No one, not even Esperanza, would have accused Father Alfonso or Father Octavio of this particular, much-documented perversion among priests; no one believed the orphans at Niños Perdidos were in this particular danger. The conversation among the female servants concerning those children who were the sexual victims of allegedly celibate priests was very general; the talk was more about the “unnaturalness” of celibacy for men. As for the nuns—well, that was different. Celibacy was more imaginable for women; no one ever said it was “natural,” but not a few of the female servants expressed the feeling that the nuns were lucky not to have sex.

Only Esperanza said: “Well, just
look
at the nuns. Who would want to have sex with them?” But this was unkind, and—like much of what Esperanza said—not necessarily true. (Yes, the subject of celibacy and its
unnaturalness,
or not, was another of those late-night discussions between Brother Pepe and Edward Bonshaw—as you might imagine.)

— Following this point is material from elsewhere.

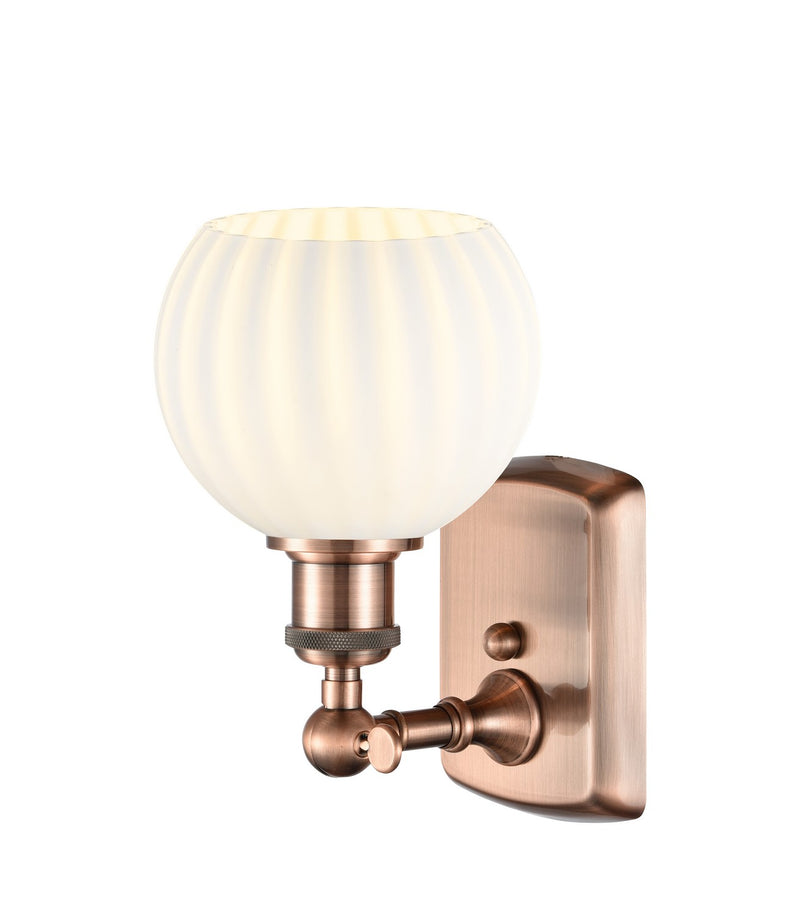 Innovations 516-1W-AC-G1217-6WV LED Wall Sconce, Antique Copper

Because he whipped himself, Señor Eduardo would try to joke to Juan Diego about it; the flagellating Iowan said it was a good thing he had his own bedroom in the orphanage. But Juan Diego knew the flagellant shared a bathroom with Brother Pepe; the boy used to wonder if poor Pepe found traces of Edward Bonshaw’s blood in the bathtub or on the towels. While Pepe was disinclined to mortifications of the body, he was amused that Father Alfonso and Father Octavio, who thought they were so superior to the Iowan in other ways, praised Edward Bonshaw for his painful self-castigations.

“How very twelfth-century!” Father Alfonso exclaimed admiringly.